Unfortunately, there is no universal definition of knowledge management (KM), just as there is no agreement as to what constitutes knowledge in the first place. For this reason, it is best to think of KM in the broadest context. KM is the process through which organizations generate value from their intellectual and knowledge-based assets. Most often, generating value from such assets involves sharing them among employees, departments and even with other companies in an effort to create best practices. KM is not technology. It is a process. IT often facilitates KM.

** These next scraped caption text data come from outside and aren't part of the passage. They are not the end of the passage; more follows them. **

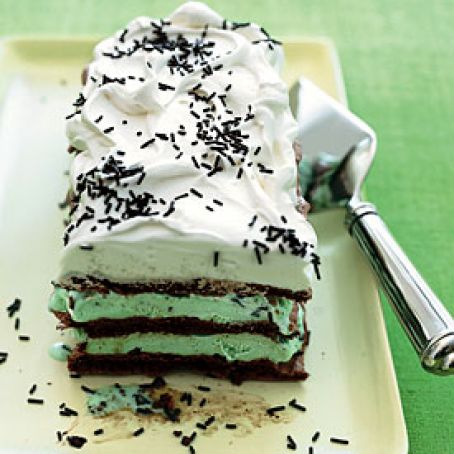 Chocolate Meringue and Mint Chip Ice Cream Cake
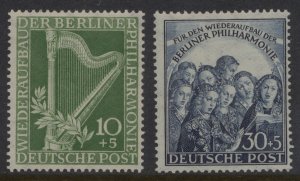 GERMANY-BERLIN 1950 SC. #9NB4-5 10+5PF HARP TO 30+5PF SINGERS MINT NH CAT $92.50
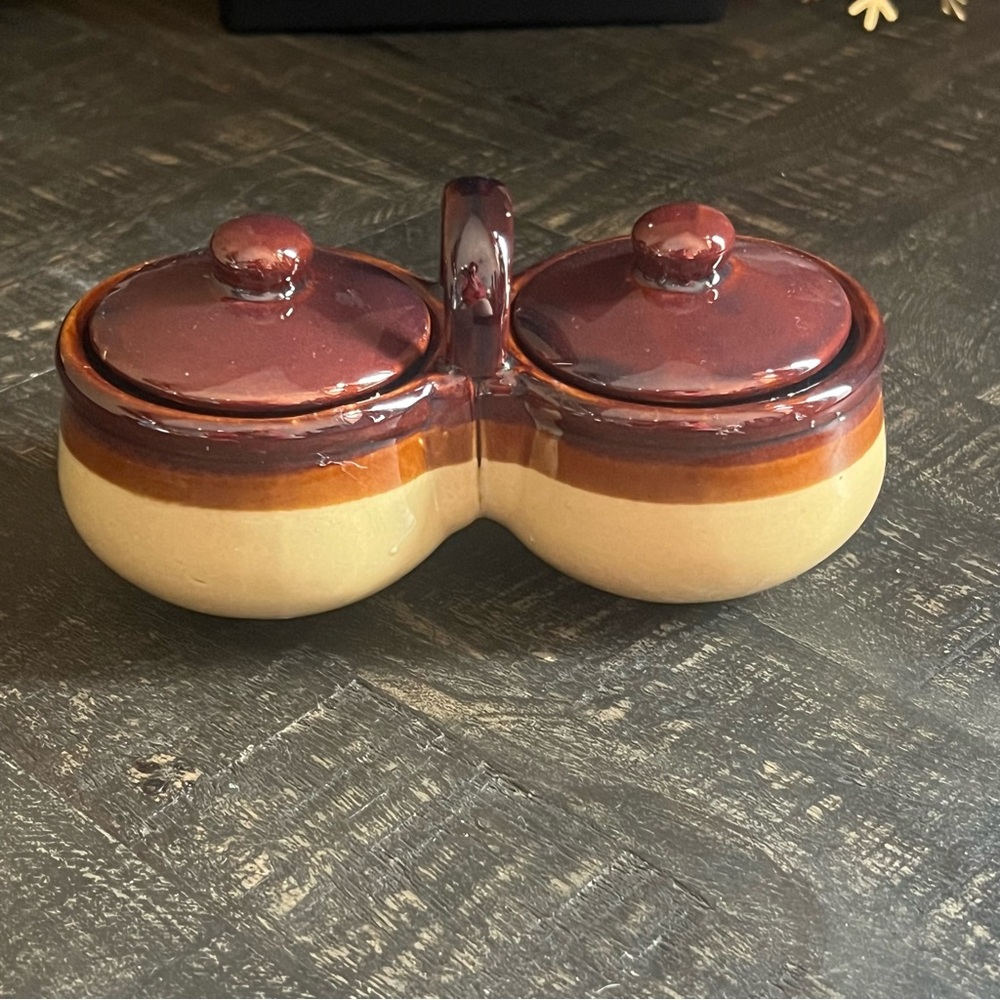 ๐ฅVintageโ Ceramic Double Condiment Dish Stoneware Pottery๐ฅ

Some benefits of KM correlate directly to bottom-line savings, while others are more difficult to quantify. In today's information-driven economy, companies uncover the most opportunities — and ultimately derive the most value — from intellectual rather than physical assets. To get the most value from a company's intellectual assets, KM practitioners maintain that knowledge must be shared and serve as the foundation for collaboration. Yet, better collaboration is not an end in itself. Consequently, an effective KM program should help a company do one or more of the following:
+ Foster innovation by encouraging the free flow of ideas
+ Improve customer service by streamlining response time
+ Boost revenues by getting products and services to market faster
+ Enhance employee retention rates by recognizing the value of employees' knowledge and rewarding them for it
+ Streamline operations and reduce costs by eliminating redundant or unnecessary processes
These are just some relevant examples. A creative approach to KM can result in improved efficiency, higher productivity and increased revenues in practically any business function.